Le numérique nous pousse à apprendre sans arrêt de nouvelles choses, tandis que désapprendre certaines, acquises par le passé, nous aiderait à progresser davantage ; les vérités, les méthodes, les savoirs et les techniques d’hier pouvant s’avérer anachroniques, voire contre-productives. Mais nous sommes tous conditionnés depuis notre tendre enfance pour apprendre et nous souvenir. Comment apprendre à désapprendre et à oublier ?

 

 

Les mutations technologiques sont telles que chaque professionnel est désormais condamné à devoir continuellement remettre à jour des compétences, voire à en développer de nouvelles. Trop lentes, nos entreprises ne peuvent pas suffisamment nous accompagner. Les formations peinent à suivre la cadence. Ce qui était vrai hier sera faux demain. Les compétences clefs d’avant-hier seront obsolètes après-demain.
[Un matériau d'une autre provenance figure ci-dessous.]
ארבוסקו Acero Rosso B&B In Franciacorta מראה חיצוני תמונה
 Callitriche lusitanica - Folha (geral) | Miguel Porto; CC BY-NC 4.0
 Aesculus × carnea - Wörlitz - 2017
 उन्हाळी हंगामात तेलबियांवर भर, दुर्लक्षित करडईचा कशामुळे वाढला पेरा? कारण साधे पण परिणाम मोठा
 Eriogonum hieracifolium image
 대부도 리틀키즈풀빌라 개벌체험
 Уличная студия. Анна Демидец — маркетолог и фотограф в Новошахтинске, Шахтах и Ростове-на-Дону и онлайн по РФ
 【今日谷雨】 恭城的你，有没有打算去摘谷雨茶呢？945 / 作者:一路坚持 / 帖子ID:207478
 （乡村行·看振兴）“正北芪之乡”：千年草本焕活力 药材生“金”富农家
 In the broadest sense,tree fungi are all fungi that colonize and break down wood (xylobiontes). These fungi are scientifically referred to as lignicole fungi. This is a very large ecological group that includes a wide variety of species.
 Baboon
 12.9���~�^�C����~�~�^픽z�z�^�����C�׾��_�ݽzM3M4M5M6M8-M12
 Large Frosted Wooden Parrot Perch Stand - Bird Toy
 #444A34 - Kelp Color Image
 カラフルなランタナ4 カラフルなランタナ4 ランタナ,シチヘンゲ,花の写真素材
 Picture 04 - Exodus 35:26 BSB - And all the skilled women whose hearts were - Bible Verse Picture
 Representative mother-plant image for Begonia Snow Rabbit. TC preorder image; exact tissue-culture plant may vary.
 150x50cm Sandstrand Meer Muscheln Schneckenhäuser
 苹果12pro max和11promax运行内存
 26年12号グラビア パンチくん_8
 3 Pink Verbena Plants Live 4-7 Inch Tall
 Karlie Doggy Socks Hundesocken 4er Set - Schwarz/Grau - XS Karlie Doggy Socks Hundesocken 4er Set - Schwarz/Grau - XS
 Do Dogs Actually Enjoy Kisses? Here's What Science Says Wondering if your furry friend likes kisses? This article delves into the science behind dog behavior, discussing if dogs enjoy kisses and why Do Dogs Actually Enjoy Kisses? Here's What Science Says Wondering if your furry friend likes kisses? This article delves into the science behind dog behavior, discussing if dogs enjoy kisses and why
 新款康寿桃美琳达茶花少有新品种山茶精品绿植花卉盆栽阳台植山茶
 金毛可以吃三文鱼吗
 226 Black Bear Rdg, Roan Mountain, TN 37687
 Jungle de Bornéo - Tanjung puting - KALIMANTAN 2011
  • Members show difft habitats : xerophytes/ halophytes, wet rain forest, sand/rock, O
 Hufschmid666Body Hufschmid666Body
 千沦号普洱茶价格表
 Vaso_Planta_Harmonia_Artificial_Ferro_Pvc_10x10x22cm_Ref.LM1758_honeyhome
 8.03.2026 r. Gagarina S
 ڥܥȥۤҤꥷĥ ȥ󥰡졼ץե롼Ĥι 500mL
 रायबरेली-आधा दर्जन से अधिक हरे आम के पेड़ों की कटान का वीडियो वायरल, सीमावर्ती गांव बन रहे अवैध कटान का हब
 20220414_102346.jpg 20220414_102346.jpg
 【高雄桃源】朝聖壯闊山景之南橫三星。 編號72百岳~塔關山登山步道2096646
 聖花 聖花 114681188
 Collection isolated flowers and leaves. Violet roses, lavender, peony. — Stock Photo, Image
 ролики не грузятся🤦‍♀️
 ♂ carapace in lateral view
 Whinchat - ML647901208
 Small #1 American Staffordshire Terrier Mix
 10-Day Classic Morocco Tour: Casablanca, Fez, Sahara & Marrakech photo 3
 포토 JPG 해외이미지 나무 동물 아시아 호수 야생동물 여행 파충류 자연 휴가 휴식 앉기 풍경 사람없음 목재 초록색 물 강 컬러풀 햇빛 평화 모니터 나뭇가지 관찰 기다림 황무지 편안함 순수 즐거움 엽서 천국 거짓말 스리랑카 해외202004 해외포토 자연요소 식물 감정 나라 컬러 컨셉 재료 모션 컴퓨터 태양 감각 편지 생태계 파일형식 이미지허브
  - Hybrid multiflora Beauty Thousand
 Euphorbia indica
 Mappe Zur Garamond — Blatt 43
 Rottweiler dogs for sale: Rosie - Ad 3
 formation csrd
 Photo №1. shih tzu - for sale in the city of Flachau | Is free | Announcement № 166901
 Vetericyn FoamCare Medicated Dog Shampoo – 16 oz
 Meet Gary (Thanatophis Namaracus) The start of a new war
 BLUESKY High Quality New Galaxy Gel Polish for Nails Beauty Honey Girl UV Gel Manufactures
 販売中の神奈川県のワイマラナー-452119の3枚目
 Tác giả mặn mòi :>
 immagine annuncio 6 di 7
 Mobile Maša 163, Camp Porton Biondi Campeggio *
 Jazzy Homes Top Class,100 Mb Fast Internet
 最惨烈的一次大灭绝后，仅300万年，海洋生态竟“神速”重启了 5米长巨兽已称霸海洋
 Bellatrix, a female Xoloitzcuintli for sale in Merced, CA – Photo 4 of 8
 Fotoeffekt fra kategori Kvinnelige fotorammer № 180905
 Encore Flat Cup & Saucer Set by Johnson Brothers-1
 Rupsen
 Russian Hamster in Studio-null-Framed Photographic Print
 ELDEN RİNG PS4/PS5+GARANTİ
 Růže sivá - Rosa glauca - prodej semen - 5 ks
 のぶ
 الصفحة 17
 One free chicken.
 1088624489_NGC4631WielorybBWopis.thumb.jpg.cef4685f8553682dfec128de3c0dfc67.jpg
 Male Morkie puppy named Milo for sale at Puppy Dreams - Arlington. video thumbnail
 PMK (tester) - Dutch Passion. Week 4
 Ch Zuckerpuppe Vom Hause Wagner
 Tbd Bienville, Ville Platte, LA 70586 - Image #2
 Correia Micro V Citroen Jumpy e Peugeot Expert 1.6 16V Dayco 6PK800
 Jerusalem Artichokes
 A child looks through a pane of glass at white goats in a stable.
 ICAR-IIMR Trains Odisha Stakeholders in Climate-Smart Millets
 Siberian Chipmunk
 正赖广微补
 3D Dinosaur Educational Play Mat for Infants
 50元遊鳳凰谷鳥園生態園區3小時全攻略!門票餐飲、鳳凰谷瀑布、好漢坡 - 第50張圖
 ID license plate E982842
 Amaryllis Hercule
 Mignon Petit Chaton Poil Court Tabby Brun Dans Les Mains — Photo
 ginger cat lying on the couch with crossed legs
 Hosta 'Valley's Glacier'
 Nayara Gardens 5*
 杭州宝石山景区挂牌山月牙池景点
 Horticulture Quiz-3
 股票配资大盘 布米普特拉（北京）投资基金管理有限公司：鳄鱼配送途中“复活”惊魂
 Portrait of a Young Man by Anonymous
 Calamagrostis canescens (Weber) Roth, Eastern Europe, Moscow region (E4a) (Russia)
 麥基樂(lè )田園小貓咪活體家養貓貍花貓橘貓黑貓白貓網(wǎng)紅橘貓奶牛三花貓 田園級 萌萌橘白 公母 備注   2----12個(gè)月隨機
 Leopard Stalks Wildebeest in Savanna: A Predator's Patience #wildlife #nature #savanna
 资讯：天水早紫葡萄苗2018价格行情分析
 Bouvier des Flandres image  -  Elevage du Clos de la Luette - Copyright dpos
C’est donc en autodidactes qu’il nous faut désormais nous transformer. Or, les autodidactes souffrent d’un travers qui leur est propre : avoir le plus grand mal à accepter, à admettre, à reconnaître qu’ils ont appris de travers ou que ce qu’ils ont appris n’a plus de valeur. Pourquoi ? Sans doute parce que l’investissement consenti rend difficile un tel aveu.

 

En condamnant chaque professionnel à devenir un autodidacte perpétuel, le numérique s’apprête à bouleverser la question des ressources humaines en entreprises. Des vagues entières de personnes étant parvenues à s’auto-former, à actualiser leurs compétences, à en acquérir de nouvelles, mais rendues incapables de désapprendre, précisément à cause de cette posture d’autodidacte qu’elles se seront efforcées d’adopter,  ne sauront pas franchir la marche suivante de l’escalier digital que leurs sociétés doivent gravir. Un escalier qui semble d’ailleurs destiné à ne jamais se terminer…

 

Les entreprises doivent donc se préparer à repenser des politiques de gestion des ressources humaines reposant sur trois piliers : le rythme de la succession des vagues technologiques qui font tomber du navire suffisamment d’hommes et de femmes pour que l’on soit sur une nouvelle vague ; la durée et la difficulté de chaque nouvelle vague ; les aptitudes de celles et ceux restées à bord à demeurer au sein de l’équipage et pour combien de temps.

 

Tels des marins, qui bien souvent ne savent pas nager, le travailleur du 21ème siècle pourrait bien périr dans des aventures trop impétueuses, tels les hommes de Magellan qui moururent à bord du Victoria, le navire qui les emportait pour faire le tour du monde, tels les hommes de Christophe Colomb, tels les hommes des vaisseaux fantômes qui hantent les mers, sous le regard d’actionnaires restés à terre.